(Beginning of DATA SHOWN)
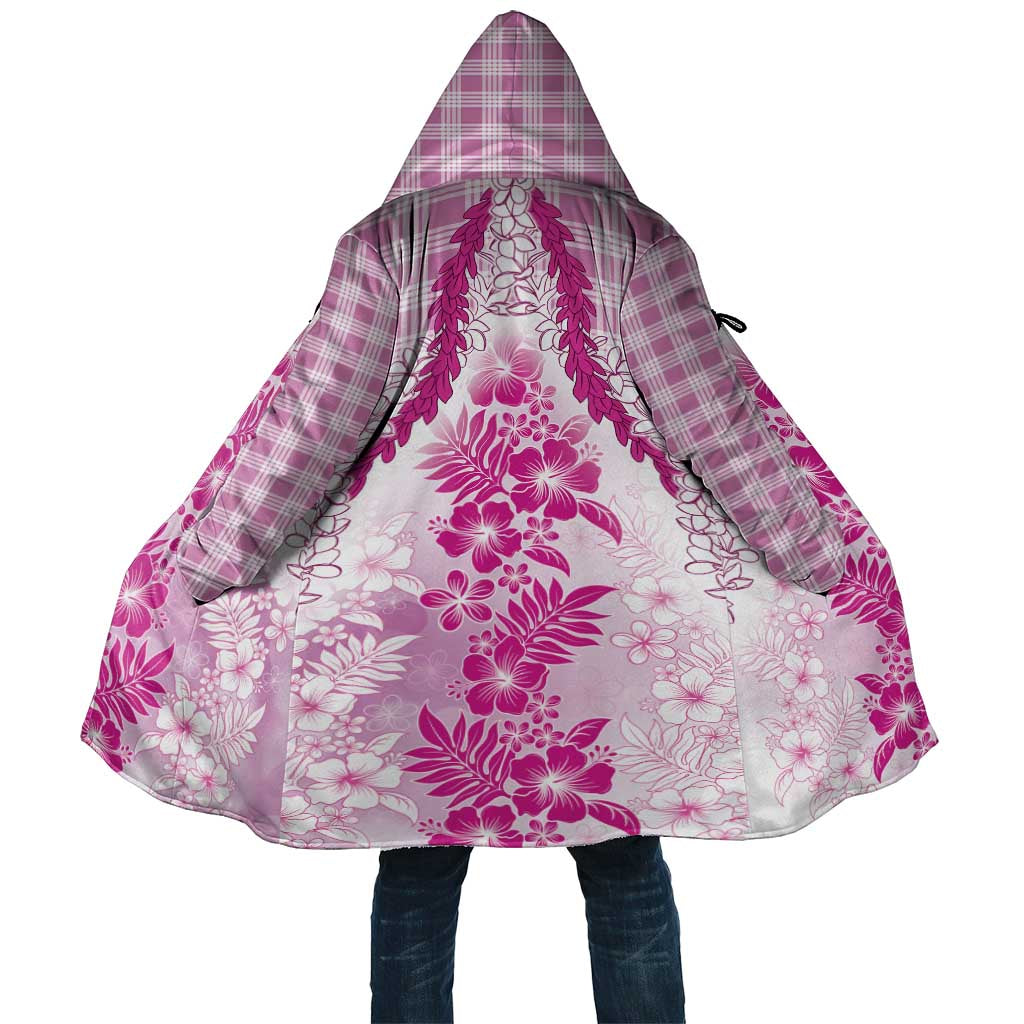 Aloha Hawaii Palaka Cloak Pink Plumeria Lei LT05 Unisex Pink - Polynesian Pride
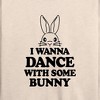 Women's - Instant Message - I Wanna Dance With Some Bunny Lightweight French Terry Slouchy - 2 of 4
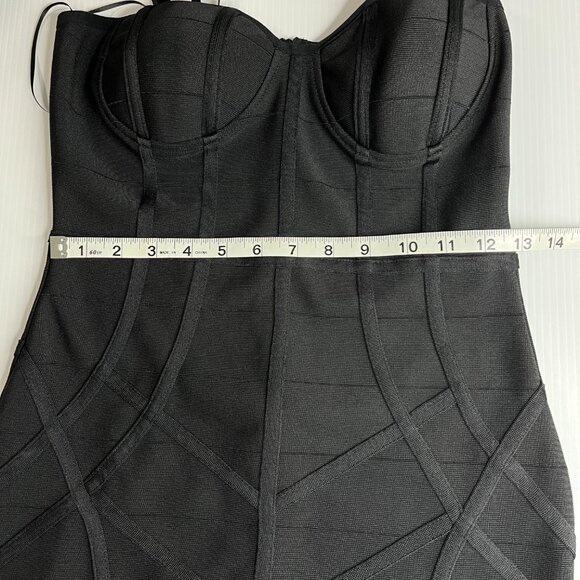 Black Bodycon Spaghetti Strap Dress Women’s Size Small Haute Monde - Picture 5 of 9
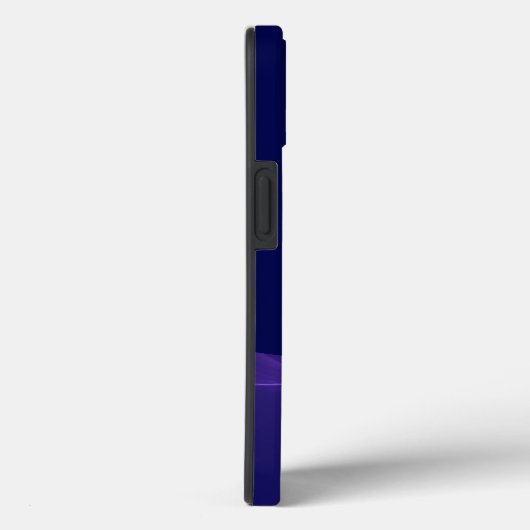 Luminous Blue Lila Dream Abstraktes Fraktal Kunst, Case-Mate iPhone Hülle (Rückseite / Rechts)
(End of DATA SHOWN)
# YOUR ASSIGNMENT
Any picture in the listing above gets left out; output the rest exactly.

# REPLY
 Aloha Hawaii Palaka Cloak Pink Plumeria Lei LT05 Unisex Pink - Polynesian Pride
 Women's - Instant Message - I Wanna Dance With Some Bunny Lightweight French Terry Slouchy - 2 of 4
 Black Bodycon Spaghetti Strap Dress Women’s Size Small Haute Monde - Picture 5 of 9
 Luminous Blue Lila Dream Abstraktes Fraktal Kunst, Case-Mate iPhone Hülle (Rückseite / Rechts)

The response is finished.